If you want to say that Activision or Square-Enix come up with a tokenized platform for their own assets, which you can then use in other future games, that's marginally interesting. But Activision isn't going to care one bit about creating tokenized assets that players from Square bought on Square's platform. There's no money there.

Furthermore, players play for assets all the time in order to show off. When you start flooding the market with items so that players have cool stuff from day 1, you create a disincentive for them to push through and acquire these other items.

1 comments

Who cares about Activision or Square-Enix? It's not going to be Activision that is going to build the blockchain-powered generation of gaming platforms. It's going to be one of the many small dev teams that wants to find a way to disrupt the market.
Well, for one, they're the prime use-case for this sort of thing because they have the resources. None of these podunk little developers is going to "disrupt" the market with blockchain assets, because of ALL the developers and studios, they're the LEAST capable of designing and testing assets that did not come from their studio.

"Hey Jim, we have a hotfix we need you to work on."

"No time for that, Bob, XYZ Gamecorp just created a pair of shoes on the blockchain, and even though it's only going to net us a nickel, we're going to spend the next week working on getting it into the game."

Might as well just light their studios on fire and try to recoup the insurance money, because it'd ultimately be more profitable.

They will not disrupt with the assets.
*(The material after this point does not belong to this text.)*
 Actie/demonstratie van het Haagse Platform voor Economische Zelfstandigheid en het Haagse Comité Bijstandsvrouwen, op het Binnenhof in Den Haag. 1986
They will disrupt it with the new game engines, and they are already backed by billions from VCs and the money from NFT speculators.

There is a reason that Valve is not too fond of crypto, and it is not "climate change".

> There is a reason that Valve is not too fond of crypto

Because, like with third party Counter-Strike knife skin sites, it always devolves into money laundering and illegal gambling.

Only in an ecosystem like cryptocurrency that exists for those purposes does it make sense.

Right, the fact that they would lose control over the distribution channel has nothing to do with it. It is only because they are oh-so concerned with "money laundering".
Why would somebody be spending billions of dollars in VC money when you could just use whatever game engine you want and license a small third party library to do asset validation? VCs can't possibly be THAT eager to blow all their money unless it's as a PAAS ala Roblox.
Since the beginning of the conversation, I am saying that is not about the assets. Why do you continue to center your reasoning around that?

It's like worrying about parking lots in a world where self-driving cars are available on-demand. If you don't believe that self-driving cars are ever going to reach that state, fine. But conditional on accepting a premise (web3 games using the blockchain as the basis of the world logic), you can not try to apply the rules of the old system into the new one.

Maybe it's because the technology isn't meant for being used as a storage medium for 'world logic" and the games that try to utilize it in this manner will be both expensive and terrible... so I give game dev studios and VCs enough credit that they have the common sense not to do stupid things that will fail miserably.